Confirmed.
Question
From: Berg, Karen E. <KBERG@ftc.gov>
Sent: Friday, May 21, 2021 2:51:53 PM (UTC-05:00) Eastern Time (US & Canada)
To: [Redacted]
Cc: [Redacted]
Subject: RE: Question regarding control
Confirmed.
From: [Redacted]
Sent: Friday, May 21, 2021 12:28:28 PM (UTC-05:00) Eastern Time (US & Canada)
To: [Redacted]
Cc: [Redacted]
Subject: Question regarding control
We would appreciate your confirmation that the transaction described below is exempt pursuant to 802.51(b) because none of the Purchasers – all of whom are Foreign Issuers -- will acquire control of Foreign Issuer X:
- Foreign Issuer X is a Luxembourg incorporated entity.
- The transaction involves the acquisition by Purchasers – Foreign Issuers A-E – combined of 66% of Foreign Issuer X’s voting securities.
- Each of the Purchasers is (a) incorporated outside the United States, (b) its own Ultimate Parent Entity, and (c) an associate of a UK headquartered private debt manager.

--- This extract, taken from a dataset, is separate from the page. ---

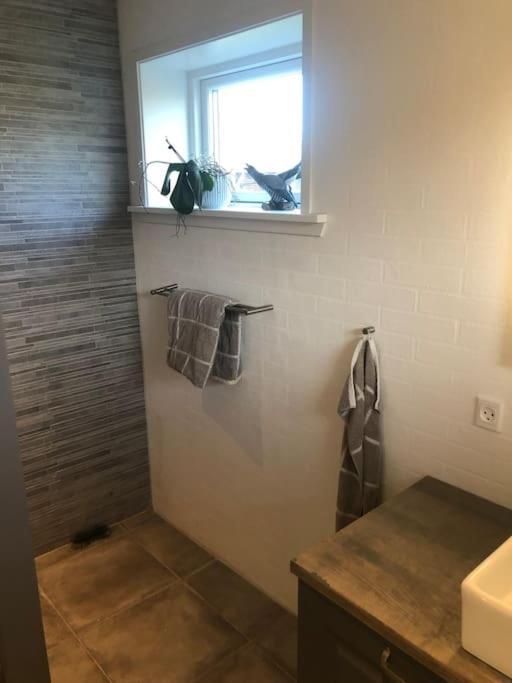 Hyggeligt Byhus Taet Ved Skov Og Togstation Ålbæk Buitenkant foto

- No Purchaser will hold 50% or more of Foreign Issuer X’s voting securities.
- A Shareholders Agreement provides that the Purchasers’ Group (defined to include the Purchasers collectively) is entitled to appoint 2 of the 3 members of the board of Foreign Issuer X. Because the Shareholders Agreement does not provide that any of Foreign Issuers A, B, C, D or E has the right to appoint 2 of the 3 board members, none of Foreign Issuers A, B, C, D, or E has the right to appoint 50% or more of the board so none is acquiring control. This is true regardless of the fact that Foreign Issuers A, B, C, D, and E are all ultimately managed by Management LuxCo and ultimately advised by Jersey General Partner.